In Serbia, the second round of the presidential election was held on Sunday.
Here are the results of the presidential election based on nearly all votes counted and as reported in B92:
Tomislav Nikolić (Serbian Progressive Party, SNS) – 49.51%
Boris Tadić (Democratic Party, DS) – 47.35%
So, the incumbent president has been defeated. The big question now is what happens to the government?
In the legislative election just two weeks ago, the seats were distributed as follows:
SNS-led coalition – 73 seats
The DS-led coalition – 67 seats
Socialist Party of Serbia (SPS)-led coalition – 44 seats
Democratic Party of Serbia – 21 seats
Liberal Democratic Party – 19 seats
United Regions of Serbia – 16 seats
Alliance of Vojvodina Hungarians – 5 seats
Others – 4 seats
Total – 250 seats
Prior to the second round of the presidential election, there was general agreement that the government would be a coalition of the DS and the SPS. To gain a majority, there was talk that representatives of the smaller parties would be included.

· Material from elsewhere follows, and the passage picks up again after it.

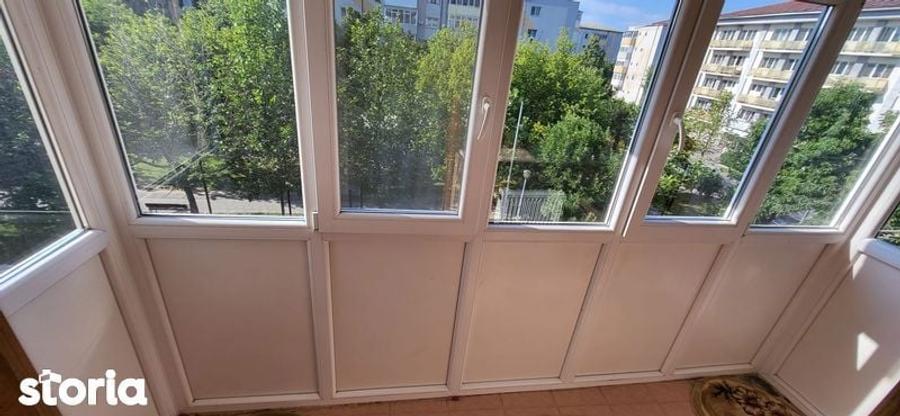 De inchiriat apartament 2 camere - 1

However, the SNS has now won the presidential election. Moreover, the SNS coalition will be the largest group in the new parliament. So, presumably, they will get the first chance to form the government. Again, the SPS is likely to get the chance to play kingmaker.
At this point, it is at least possible that the new president could begin his term with a period of cohabitation. However, Tadić has declared that he will not serve as PM.
It is worth bearing in mind that the Serbian president has very few constitutional powers. Using Siaroff’s measure of presidential power, I gave Serbia a score of just 2 in a chapter here.